PERUGIA – Continuano le difficoltà dell’Ex Fcu. Dopo i lavori sul tratto Città di Castello – Umbertide si sono aggiunte le problematiche legate al limite di 50 chilometri orari imposto dall’Agenzia nazionale per la sicurezza delle ferrovie. “Ci sono ritardi ma stiamo lavorando per trovare una soluzione” dice Mauro Fagioli, direttore dell’esercizio su ferro di Umbria Mobilità. Tra le soluzioni l’introduzione del doppio agente in cabina. “Questa vicenda – dicono i sindacati – rischia di affossare, anzi azzerare il trasporto su ferro in Umbria, scoraggiando ulteriormente i clienti e generando una situazione difficilmente recuperabile anche negli anni futuri, proponendo, per altro, un servizio non assolutamente all’altezza delle tariffe applicate, che dovrebbero essere riviste in modo da rendere il servizio appetibile e competitivo rispetto alle modalità di trasporto”.
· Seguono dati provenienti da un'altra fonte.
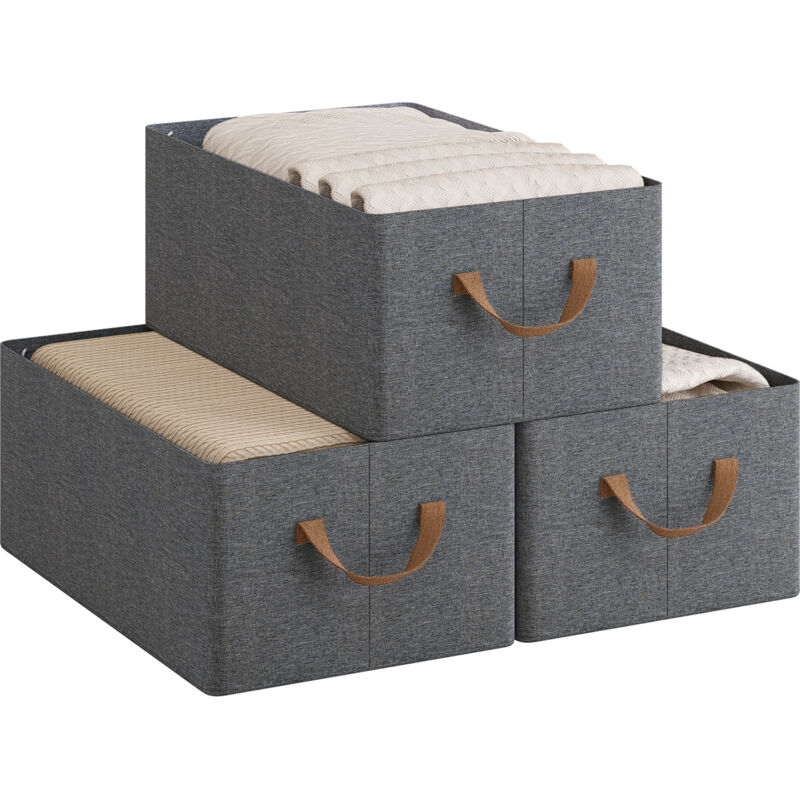 foto del prodotto set di 3 scatole portaoggetti pieghevoli, contenitori in tessuto con manici, 47x28x20 cm, grigio marrone - woltu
In rivolta anche il Coordinamento comitati pendolari umbri che, attraverso Gianluigi Giusti, hanno preso carta e penna e hanno dato bacchettate a destra e a manca. “Il decreto arrivato dopo la Puglia – dice – è stato un correre ai ripari. Si stabilisce la divisione tra gestore dell’infrastruttura ed impresa ferroviaria, come come disposto da anni dalle Direttive Europee, recepite nel tempo dallo Stato italiano”. E sulle disposizioni legate alla velocità: “Ci sono pesanti ricadute per la clientela, in special modo pendolari che ora vedono dilatarsi in modo esponenziale i tempi di percorrenza, soprattutto a causa del limite orario”. Quindi un lungo elenco di lamentazioni e di criticità. dettate più che altro dalle scelte fatte dalla politica regionale.